When thinking like a professional attacker or a well-capitalized competitor, $3 million may not necessarily represent a loss; it can be considered part of a research and development budget—a preparation for larger, more coordinated actions with better hedging that aim not only to drain funds but also to undermine core trust.
How can Hyperliquid defend against such attacks?
First, they can limit the exposure risk that a single entity can establish, even across multiple wallets (using heuristic methods: funding patterns, timing, IP addresses, behavior). They can also impose stricter margin requirements when one side of the order book becomes heavily skewed. Globally, this would increase the cost of establishing massive directional positions capable of potentially wiping out the HLP in one go.
To enhance market safety, they can implement circuit breakers and volatility safeguards for each market, which would slow down the market during rapid price movements in scenarios with thin liquidity and high open interest.

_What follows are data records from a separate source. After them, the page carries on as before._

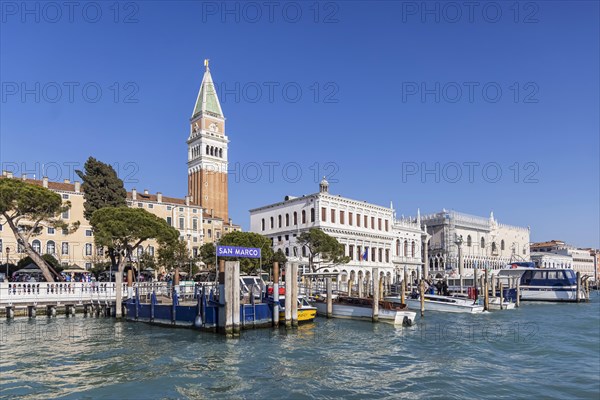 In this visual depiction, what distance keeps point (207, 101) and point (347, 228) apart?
3532 centimetres

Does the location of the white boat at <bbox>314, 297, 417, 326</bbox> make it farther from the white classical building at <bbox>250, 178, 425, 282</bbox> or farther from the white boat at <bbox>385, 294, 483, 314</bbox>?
the white classical building at <bbox>250, 178, 425, 282</bbox>

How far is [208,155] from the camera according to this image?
79500mm

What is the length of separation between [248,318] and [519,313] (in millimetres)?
19182

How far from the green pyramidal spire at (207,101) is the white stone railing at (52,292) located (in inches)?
2159

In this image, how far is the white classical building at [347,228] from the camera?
58.7 metres

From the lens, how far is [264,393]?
40.4 feet

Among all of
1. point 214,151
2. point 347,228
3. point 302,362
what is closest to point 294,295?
point 302,362

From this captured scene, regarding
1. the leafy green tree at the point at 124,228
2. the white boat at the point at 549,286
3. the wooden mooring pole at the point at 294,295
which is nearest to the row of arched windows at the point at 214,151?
the leafy green tree at the point at 124,228

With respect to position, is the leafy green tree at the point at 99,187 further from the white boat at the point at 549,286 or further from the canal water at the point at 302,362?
the white boat at the point at 549,286

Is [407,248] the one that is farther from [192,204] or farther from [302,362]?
[302,362]

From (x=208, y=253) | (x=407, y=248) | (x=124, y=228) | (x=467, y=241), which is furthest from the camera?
(x=467, y=241)

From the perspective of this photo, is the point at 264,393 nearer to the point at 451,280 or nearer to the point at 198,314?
the point at 198,314

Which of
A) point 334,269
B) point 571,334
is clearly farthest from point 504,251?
point 571,334

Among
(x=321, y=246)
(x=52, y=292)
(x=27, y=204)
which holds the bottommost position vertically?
(x=52, y=292) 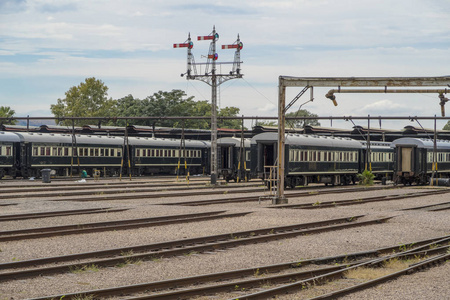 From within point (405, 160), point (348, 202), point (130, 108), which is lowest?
point (348, 202)

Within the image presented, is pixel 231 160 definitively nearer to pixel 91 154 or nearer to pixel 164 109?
pixel 91 154

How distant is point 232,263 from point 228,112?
11068 centimetres

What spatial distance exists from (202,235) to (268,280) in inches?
230

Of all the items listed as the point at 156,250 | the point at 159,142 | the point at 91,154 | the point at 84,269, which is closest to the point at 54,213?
the point at 156,250

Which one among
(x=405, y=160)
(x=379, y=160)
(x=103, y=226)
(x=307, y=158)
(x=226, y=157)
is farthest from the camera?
(x=379, y=160)

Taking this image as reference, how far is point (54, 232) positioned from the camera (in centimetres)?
1648

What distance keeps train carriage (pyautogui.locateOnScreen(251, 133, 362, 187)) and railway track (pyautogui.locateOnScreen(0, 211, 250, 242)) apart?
1434 cm

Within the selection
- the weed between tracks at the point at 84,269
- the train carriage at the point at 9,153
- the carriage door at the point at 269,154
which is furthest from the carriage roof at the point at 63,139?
the weed between tracks at the point at 84,269

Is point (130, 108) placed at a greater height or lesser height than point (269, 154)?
greater

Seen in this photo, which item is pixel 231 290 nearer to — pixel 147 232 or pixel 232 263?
pixel 232 263

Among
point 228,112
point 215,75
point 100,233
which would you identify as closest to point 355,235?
point 100,233

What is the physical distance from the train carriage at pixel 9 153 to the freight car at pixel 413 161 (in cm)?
2612

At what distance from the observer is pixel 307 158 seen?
127ft

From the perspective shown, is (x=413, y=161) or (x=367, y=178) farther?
(x=413, y=161) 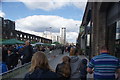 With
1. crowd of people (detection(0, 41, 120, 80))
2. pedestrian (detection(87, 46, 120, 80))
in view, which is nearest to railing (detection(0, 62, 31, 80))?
crowd of people (detection(0, 41, 120, 80))

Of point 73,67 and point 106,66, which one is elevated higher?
point 106,66

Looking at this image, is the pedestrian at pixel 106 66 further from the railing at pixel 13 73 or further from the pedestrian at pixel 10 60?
the pedestrian at pixel 10 60

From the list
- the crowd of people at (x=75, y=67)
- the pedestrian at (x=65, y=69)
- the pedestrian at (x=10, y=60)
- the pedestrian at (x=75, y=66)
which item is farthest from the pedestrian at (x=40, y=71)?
the pedestrian at (x=10, y=60)

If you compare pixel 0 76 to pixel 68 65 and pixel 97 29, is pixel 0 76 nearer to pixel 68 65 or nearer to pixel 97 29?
pixel 68 65

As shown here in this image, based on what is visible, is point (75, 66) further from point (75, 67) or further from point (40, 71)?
point (40, 71)

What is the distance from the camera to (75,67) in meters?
4.84

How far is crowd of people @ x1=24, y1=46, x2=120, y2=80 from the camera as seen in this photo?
279 cm

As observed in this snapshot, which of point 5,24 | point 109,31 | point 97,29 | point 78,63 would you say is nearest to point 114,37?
point 109,31

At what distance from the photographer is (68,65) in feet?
15.0

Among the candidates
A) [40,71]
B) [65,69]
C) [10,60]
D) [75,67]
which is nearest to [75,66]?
[75,67]

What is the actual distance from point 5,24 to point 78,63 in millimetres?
63663

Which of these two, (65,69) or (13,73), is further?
(13,73)

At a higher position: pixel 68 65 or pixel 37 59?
pixel 37 59

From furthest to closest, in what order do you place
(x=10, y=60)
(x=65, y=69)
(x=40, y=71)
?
(x=10, y=60) < (x=65, y=69) < (x=40, y=71) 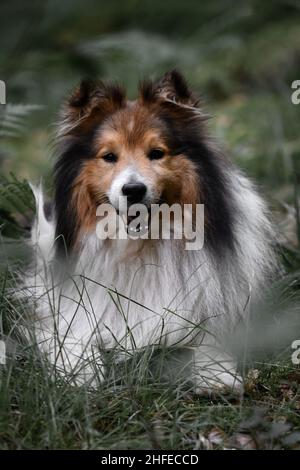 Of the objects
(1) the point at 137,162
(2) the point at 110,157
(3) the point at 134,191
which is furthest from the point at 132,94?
(3) the point at 134,191

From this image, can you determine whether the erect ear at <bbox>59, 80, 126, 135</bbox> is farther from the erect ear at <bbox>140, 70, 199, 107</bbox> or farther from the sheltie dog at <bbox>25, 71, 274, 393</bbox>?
the erect ear at <bbox>140, 70, 199, 107</bbox>

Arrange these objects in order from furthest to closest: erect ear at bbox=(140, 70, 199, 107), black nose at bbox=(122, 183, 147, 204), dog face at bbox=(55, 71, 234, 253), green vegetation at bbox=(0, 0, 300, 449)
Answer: erect ear at bbox=(140, 70, 199, 107), dog face at bbox=(55, 71, 234, 253), black nose at bbox=(122, 183, 147, 204), green vegetation at bbox=(0, 0, 300, 449)

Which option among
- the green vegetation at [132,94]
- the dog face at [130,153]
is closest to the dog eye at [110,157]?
the dog face at [130,153]

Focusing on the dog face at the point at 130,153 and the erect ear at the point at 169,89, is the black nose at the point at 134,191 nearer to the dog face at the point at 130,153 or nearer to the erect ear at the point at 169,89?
the dog face at the point at 130,153

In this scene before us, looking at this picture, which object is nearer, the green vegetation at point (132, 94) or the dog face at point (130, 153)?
the green vegetation at point (132, 94)

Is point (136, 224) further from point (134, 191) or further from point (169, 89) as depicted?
point (169, 89)

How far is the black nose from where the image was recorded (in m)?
3.75

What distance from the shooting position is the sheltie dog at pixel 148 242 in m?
3.91

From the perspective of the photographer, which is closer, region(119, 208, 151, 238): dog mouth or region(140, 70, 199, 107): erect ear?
region(119, 208, 151, 238): dog mouth

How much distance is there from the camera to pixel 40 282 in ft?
14.1

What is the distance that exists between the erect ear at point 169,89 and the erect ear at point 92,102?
0.14m

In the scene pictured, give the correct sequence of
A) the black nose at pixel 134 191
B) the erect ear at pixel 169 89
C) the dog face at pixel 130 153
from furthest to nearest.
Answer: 1. the erect ear at pixel 169 89
2. the dog face at pixel 130 153
3. the black nose at pixel 134 191

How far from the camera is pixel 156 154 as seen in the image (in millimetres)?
3951

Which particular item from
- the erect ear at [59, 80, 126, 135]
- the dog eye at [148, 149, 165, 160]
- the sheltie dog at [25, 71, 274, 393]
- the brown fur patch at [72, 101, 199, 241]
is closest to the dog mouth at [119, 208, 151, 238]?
the sheltie dog at [25, 71, 274, 393] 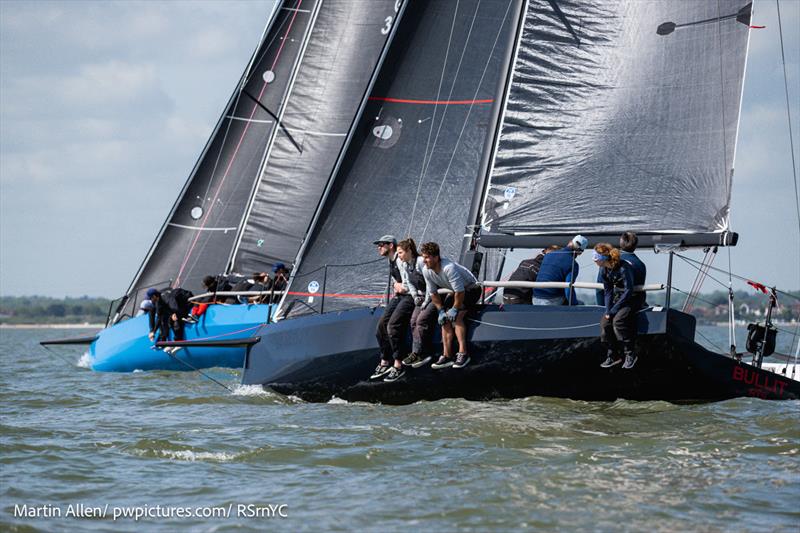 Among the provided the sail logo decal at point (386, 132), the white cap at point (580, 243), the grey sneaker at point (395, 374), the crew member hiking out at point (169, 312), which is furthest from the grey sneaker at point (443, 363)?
the crew member hiking out at point (169, 312)

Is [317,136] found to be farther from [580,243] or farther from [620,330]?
[620,330]

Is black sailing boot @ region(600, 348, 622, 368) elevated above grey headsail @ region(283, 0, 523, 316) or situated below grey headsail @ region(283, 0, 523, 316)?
below

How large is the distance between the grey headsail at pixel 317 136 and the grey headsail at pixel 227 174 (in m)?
1.53

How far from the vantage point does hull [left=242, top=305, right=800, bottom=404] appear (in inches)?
407

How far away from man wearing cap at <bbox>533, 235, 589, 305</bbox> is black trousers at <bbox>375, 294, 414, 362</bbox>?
1.30 meters

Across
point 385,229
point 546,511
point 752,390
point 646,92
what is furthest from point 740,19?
point 546,511

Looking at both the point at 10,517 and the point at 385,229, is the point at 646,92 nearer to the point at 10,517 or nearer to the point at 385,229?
the point at 385,229

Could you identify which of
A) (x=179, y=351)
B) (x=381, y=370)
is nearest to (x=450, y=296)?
(x=381, y=370)

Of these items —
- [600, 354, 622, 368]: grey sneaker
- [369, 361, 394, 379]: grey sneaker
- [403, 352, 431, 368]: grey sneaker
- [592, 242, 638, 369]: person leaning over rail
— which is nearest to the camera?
[592, 242, 638, 369]: person leaning over rail

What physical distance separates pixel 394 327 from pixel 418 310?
0.31 m

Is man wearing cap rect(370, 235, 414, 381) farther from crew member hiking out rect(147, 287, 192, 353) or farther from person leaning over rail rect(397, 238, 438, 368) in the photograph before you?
crew member hiking out rect(147, 287, 192, 353)

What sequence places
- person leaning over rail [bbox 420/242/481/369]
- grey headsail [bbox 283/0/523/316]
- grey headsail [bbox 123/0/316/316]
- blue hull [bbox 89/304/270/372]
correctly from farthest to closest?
1. grey headsail [bbox 123/0/316/316]
2. blue hull [bbox 89/304/270/372]
3. grey headsail [bbox 283/0/523/316]
4. person leaning over rail [bbox 420/242/481/369]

Assets with low liquidity can also follow stricter rules, making it harder for individual participants to manipulate the market easily. The idea is that when someone attempts a kamikaze-style attack, the system switches into defense mode before the HLP absorbs the damage.
The HLP itself could evolve from being mostly a passive counterparty to becoming a smarter, partially hedged book. This might include automatically hedging extreme exposures on external venues, capping risk per asset, or even splitting the treasury into a conservative core and smaller, optional high-volatility segments. This would make the HLP a much harder target to attack.
Finally, improving the detection of spoofing orders and fake walls of limit orders will help prevent the system from relying on misleading liquidity signals. By integrating these into the mark price and risk engine, no single spoofing wall will distort the way risks are assessed.